If I didn’t know about this, I assumed that none of the other officers knew about it, either. That was just Debbie’s way. In my experience she didn’t come to the officers of the DNC for advice and counsel. She seemed to make decisions on her own and let us know at the last minute what she had decided, as she had done when she told us about the hacking only minutes before the Washington Post broke the news.

On the phone Gary told me the DNC had needed a $2 million loan, which the campaign had arranged.

“No! That can’t be true!” I said. “The party cannot take out a loan without the unanimous agreement of all of the officers.”

“Gary, how did they do this without me knowing?” I asked. “I don’t know how Debbie relates to the officers,” Gary said.

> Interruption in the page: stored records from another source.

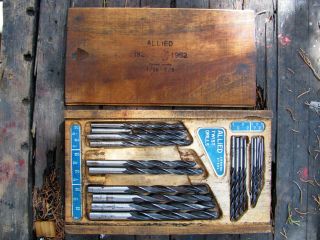 Vintage Allied ItalyTwist Bits Drills 29 piece Set With Double sided Wooden Box 2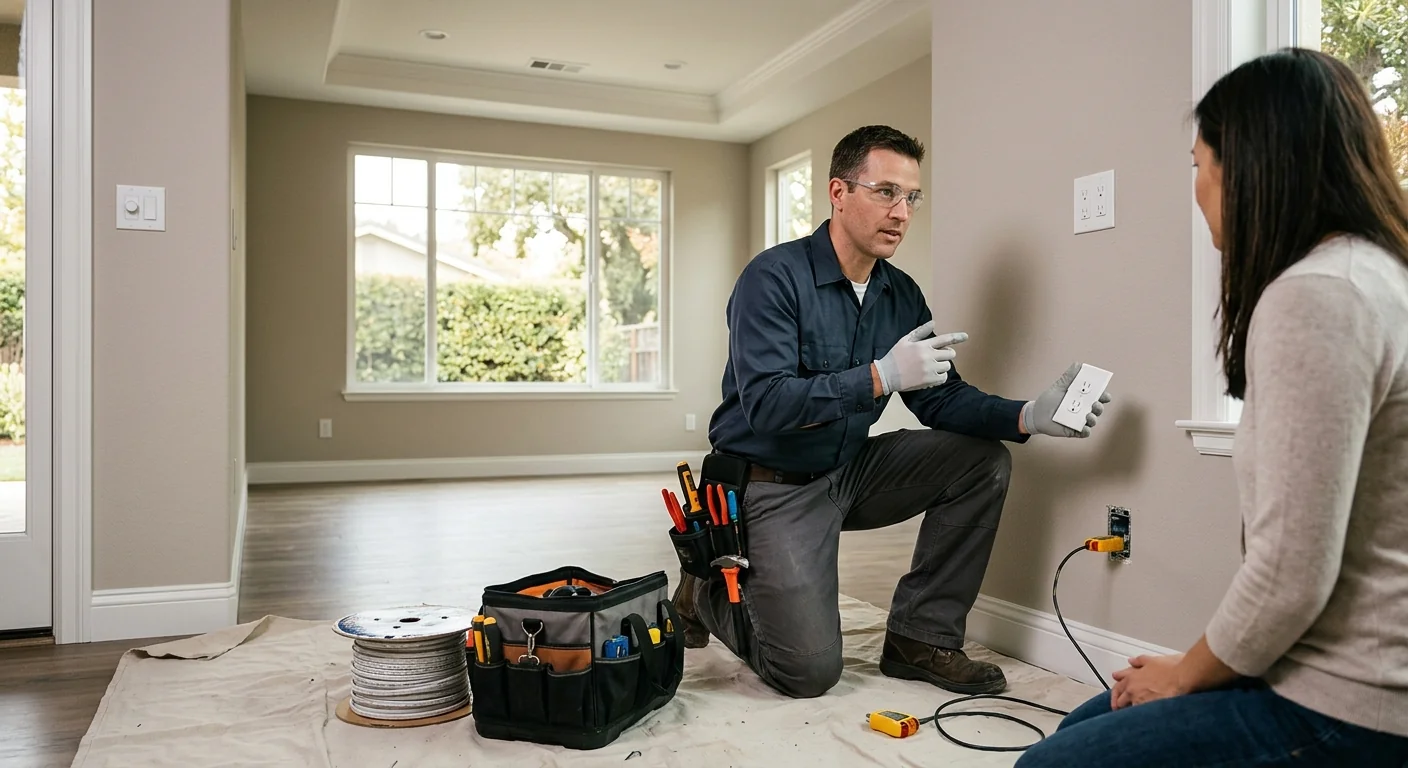 Finished living room outlet and fixture wiring completed in a Pleasanton home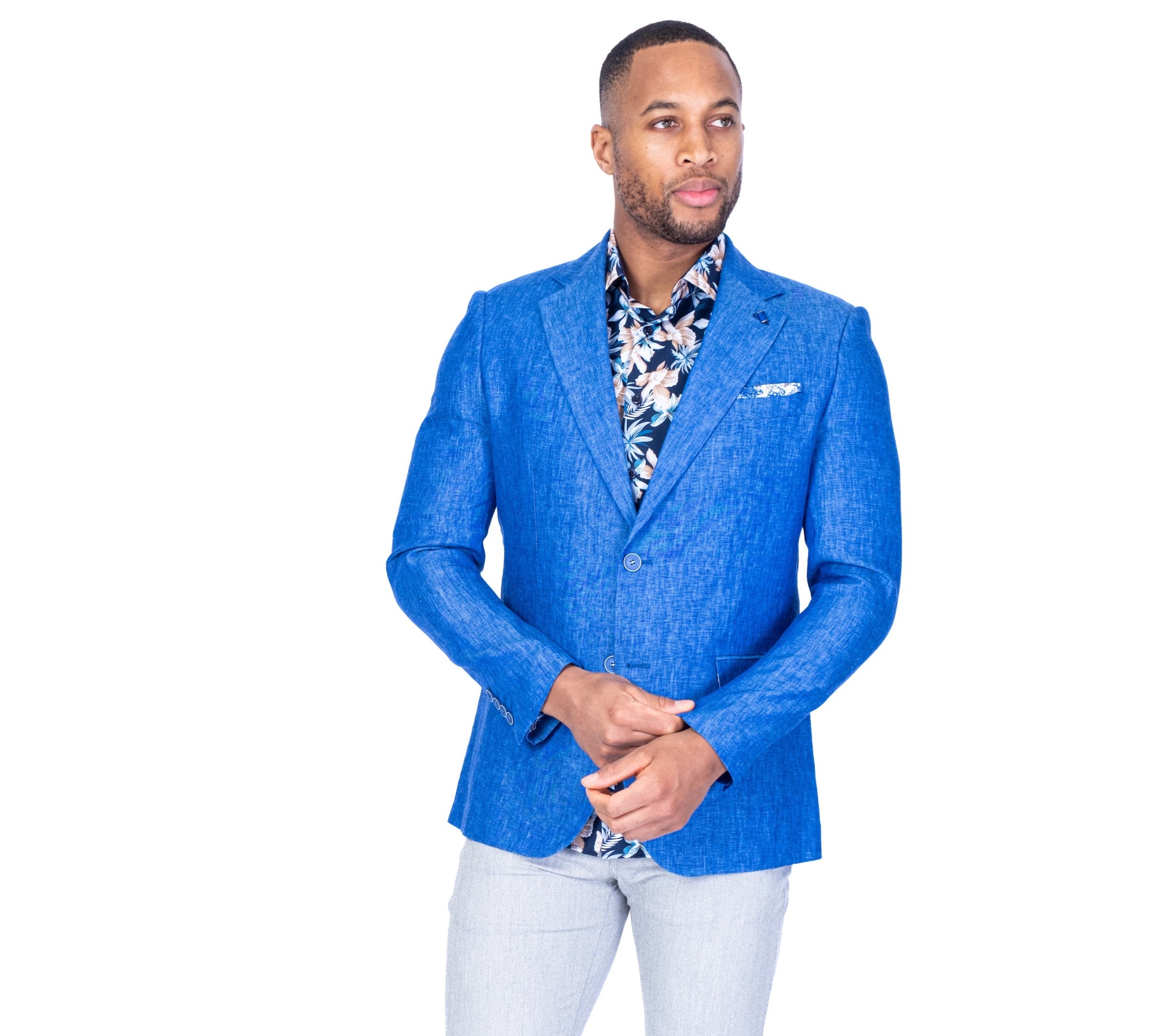 Linen Blazer - Royal Blue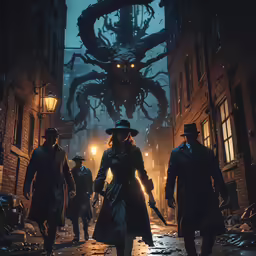 some people and two men in trench coats and hats are walking in an alley with a giant monster in the background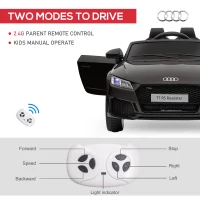 Aosom 6V Kids Electric Ride On Car, Licensed Audi TT RS with Suspension System and Remote Control, Horn, 5 Songs, Lights, MP3 Player - Black(m-5)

He described the party as fully under the control of Hillary’s campaign, which seemed to confirm the suspicions of the Bernie camp. The campaign had the DNC on life support, giving it money every month to meet its basic expenses, while the campaign was using the party as a fund-raising clearing house. Under FEC law, an individual can contribute a maximum of $2,700 directly to a presidential campaign. But the limits are much higher for contributions to state parties and a party’s national committee.

Individuals who had maxed out their $2,700 contribution limit to the campaign could write an additional check for $353,400 to the Hillary Victory Fund—that figure represented $10,000 to each of the thirty-two states’ parties who were part of the Victory Fund agreement—$320,000—and $33,400 to the DNC. The money would be deposited in the states first, and transferred to the DNC shortly after that. Money in the battleground states usually stayed in that state, but all the other states funneled that money directly to the DNC, which quickly transferred the money to Brooklyn.

“Wait,” I said. “That victory fund was supposed to be for whoever was the nominee, and the state party races. You’re telling me that Hillary has been controlling it since before she got the nomination?”

Gary said the campaign had to do it or the party would collapse.

“That was the deal that Robby struck with Debbie,” he explained, referring to campaign manager Robby Mook. “It was to sustain the DNC. We sent the party nearly $20 million from September until the convention, and more to prepare for the election.”

“What’s the burn rate, Gary?” I asked. “How much money do we need every month to fund the party?”

The burn rate was $3.5 million to $4 million a month, he said.

I gasped. I had a pretty good sense of the DNC’s operations after having served as interim chair five years earlier. Back then the monthly expenses were half that. What had happened? The party chair usually shrinks the staff between presidential election campaigns, but Debbie had chosen not to do that. She had stuck lots of consultants on the DNC payroll, and Obama’s consultants were being financed by the DNC, too.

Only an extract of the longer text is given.